Galaxy NG is a Pulp plugin and can be installed just like any other Pulp plugin, the recommendation is to install using the pulp installer however if for any reason an installation from scratch is needed, all the details can be found on installing pulpcore

Installing from source using pulp-installer


This is the recommended installation process for a production ready system. If you are looking for information on how to install on a development environment see development setup page

The following provides instructions for installing GalaxyNG on a virtual machine, with an example playbook that installs Pulp and Galaxy NG from PyPi packages.

Future iterations will include support for installing from RPMs and installing to Kubernetes and OpenShift.


Requires ansible-core 2.10+

You will be using the Pulp Installer to complete the installation, so please review the requirements at the Pulp Installer project.

Installation steps

  1. Install the Pulp Installer:

    ansible-galaxy collection install pulp.pulp_installer
  2. Clone the gist containing Ansible playbooks and variable files needed to complete the install into a directory called example:

    git clone example
  3. Set your working directory to the example directory created above ex: cd example.

  4. Within the variable file enduser-install-vars.yml change the value of pulp_default_admin_password (initial password for the Pulp admin user).

  5. Install Pulp Installer role dependencies by running the following commands to download roles from Community Galaxy:

    ansible-galaxy install -r ~/.ansible/collections/ansible_collections/pulp/pulp_installer/requirements.yml

Finally, you will run the enduser-install.yml playbook. The following sections describe two different ways to run the playbook, depending on whether you wish to install from Python packages or from RPMs.

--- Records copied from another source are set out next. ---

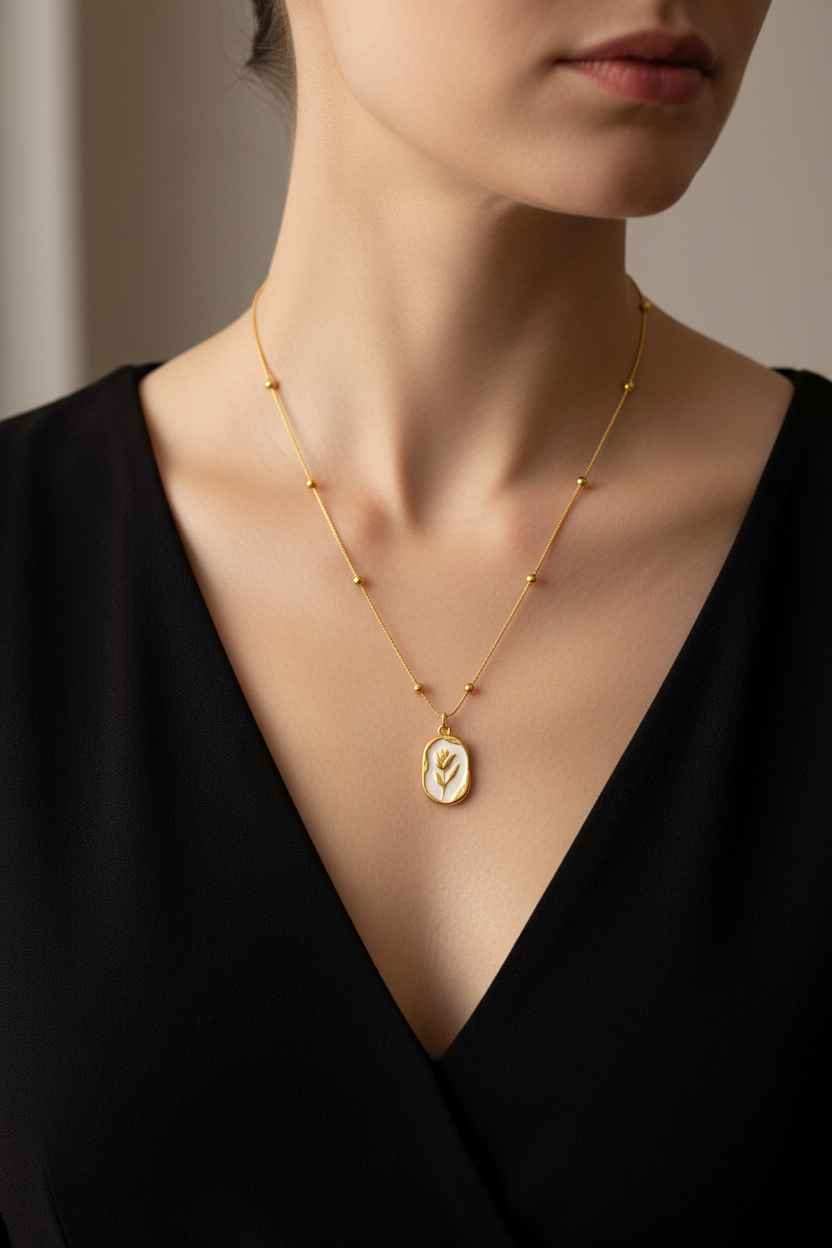 Tulip Charm Pendant in Black Dress
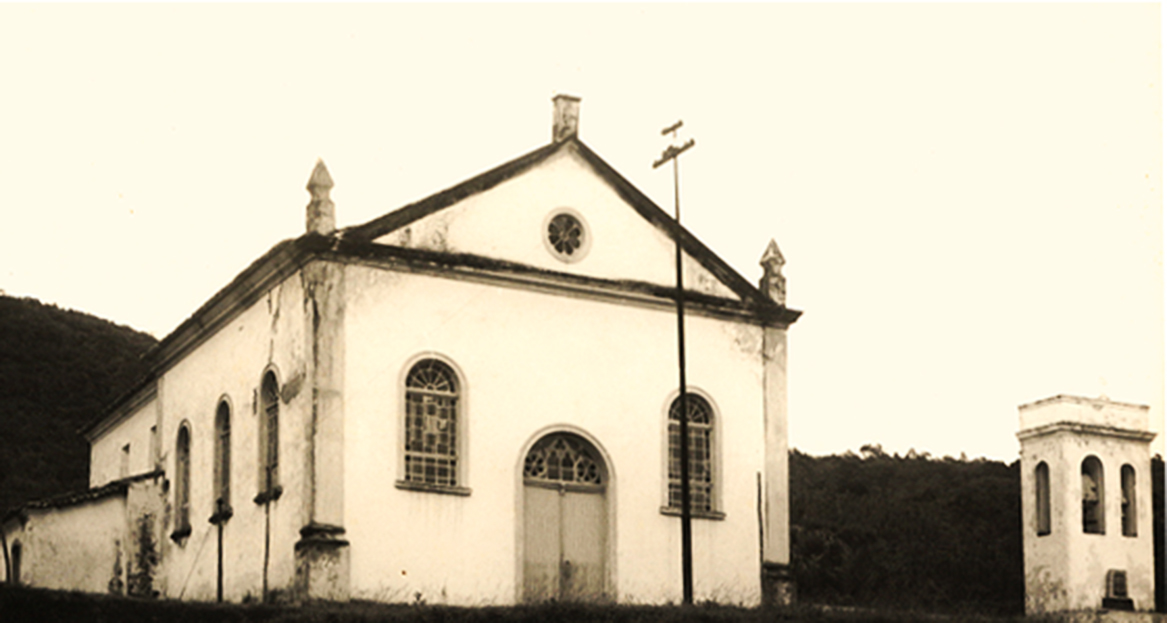 Igreja São Miguel Arcanjo, centro histórico de Biguaçu. Tombada pelo Instituto do Patrimônio Histórico e Arquitetônico Nacional.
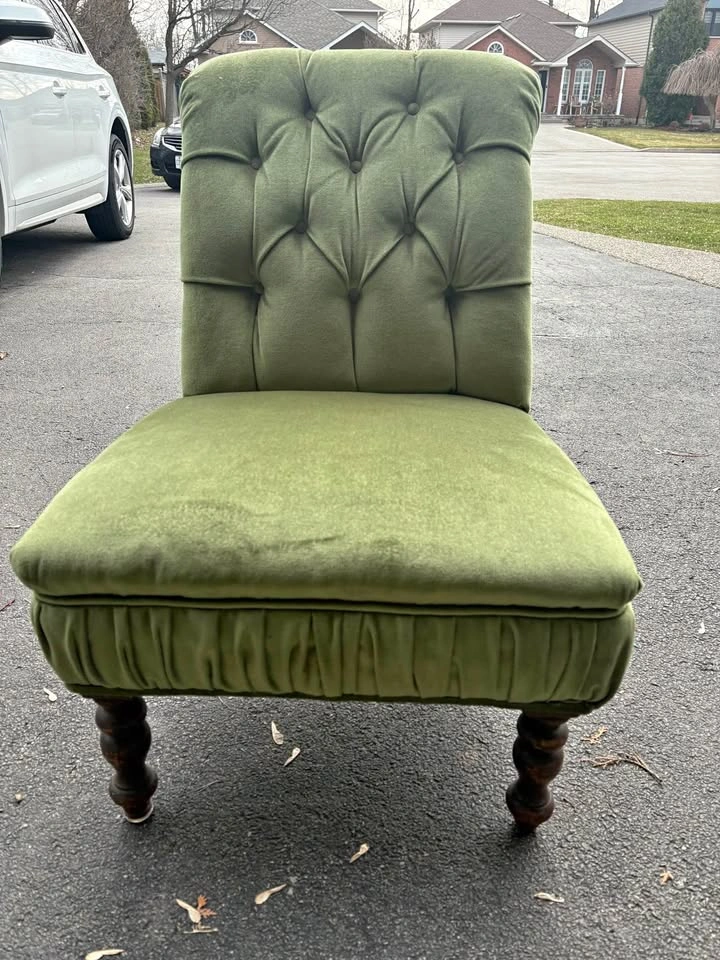 Vintage Green Slipper Chair
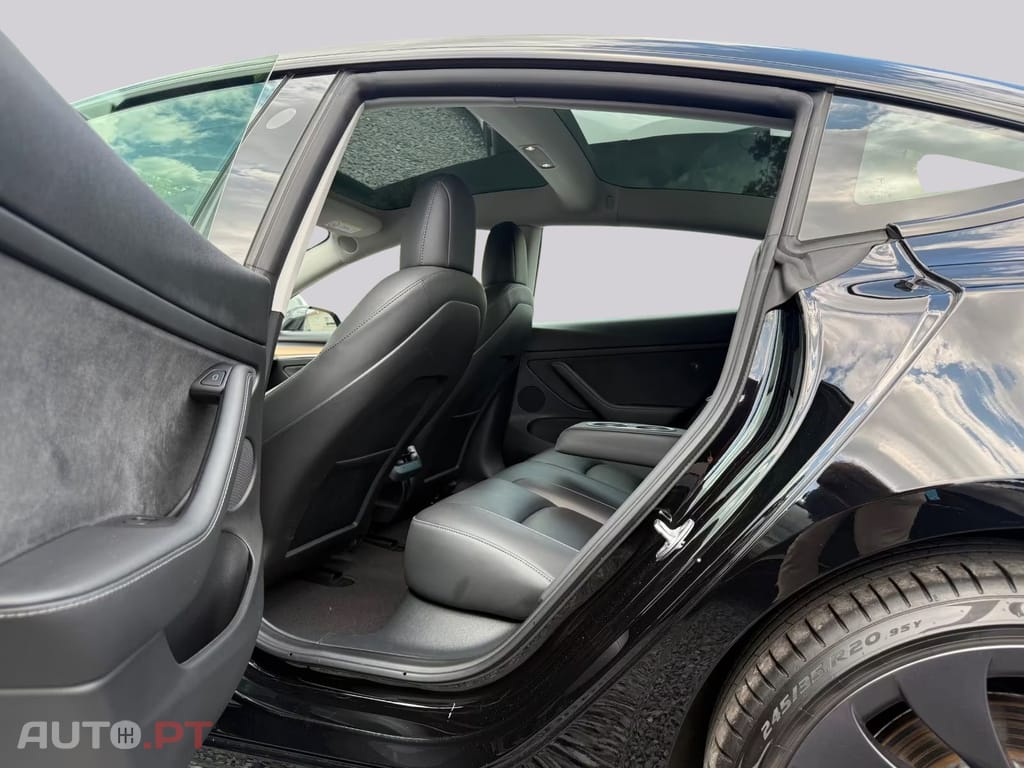 Tesla Model 3  Performance I.V.A DEDUTIVEL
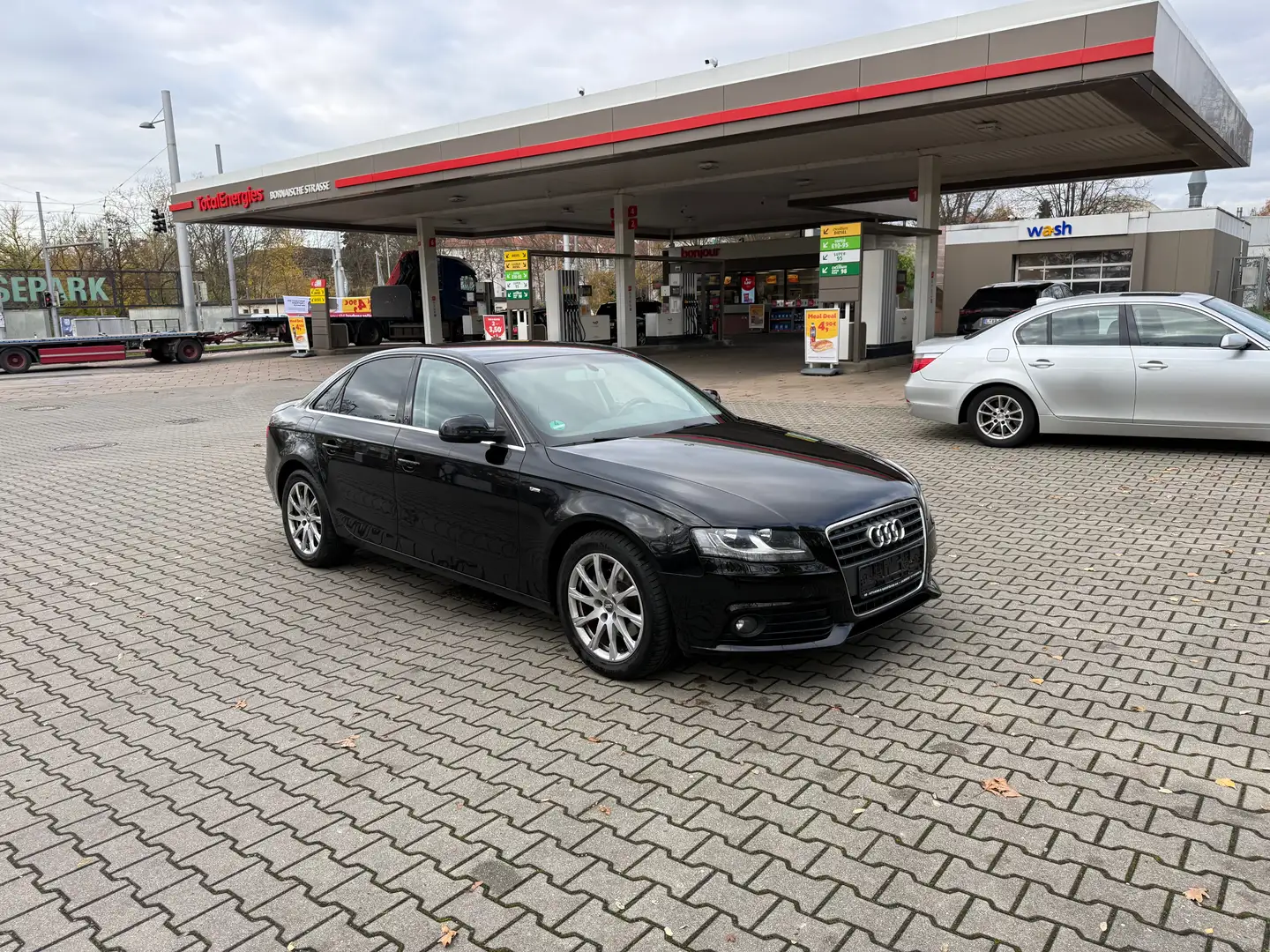 Audi A4 A4 1.8 TFSI S line Sportpaket (plus) Schwarz - 2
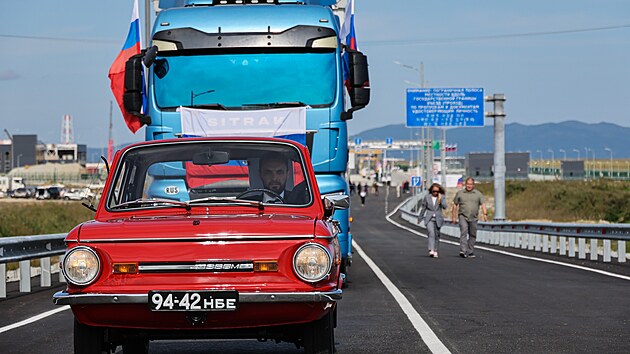Severn� Korea a Rusko otev�ely prvn� silni�n� most spojuj�c� oba st�ty, klene se p�es �eku Tuman. (7. z��� 2026)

Install using Python packages

The following provides an example of how to start playbook execution. It assumes an inventory file called hosts exists in the current directory and contains the target host(s) where Galaxy server is to be installed:

ansible-playbook enduser-install.yml -i hosts --extra-vars "@enduser-install-vars.yml"
Install using upstream RPMs

The following provides an example of how to start playbook execution. It assumes an inventory file called hosts exists in the current directory and contains the target host(s) where Galaxy server is to be installed:

ansible-playbook enduser-install.yml -i hosts --extra-vars "@upstream-rpm-install-vars.yml"


For more information about inventory files, view Intro to Ansible Inventory

Logging in

By default the local Galaxy NG server is listening on port 80. Point your browser to the host where the server was installed, and a login page will be presented. For example, point your browser to

In the login dialog, use "admin" as the username, and the password supplied in your playbook. This is the value of pulp_default_admin_password.

Uploading a collection

Once logged in, you will be taken to the Collections page, and presented with an empty list. Since the server was just installed, and the database is empty, there are no collections to display.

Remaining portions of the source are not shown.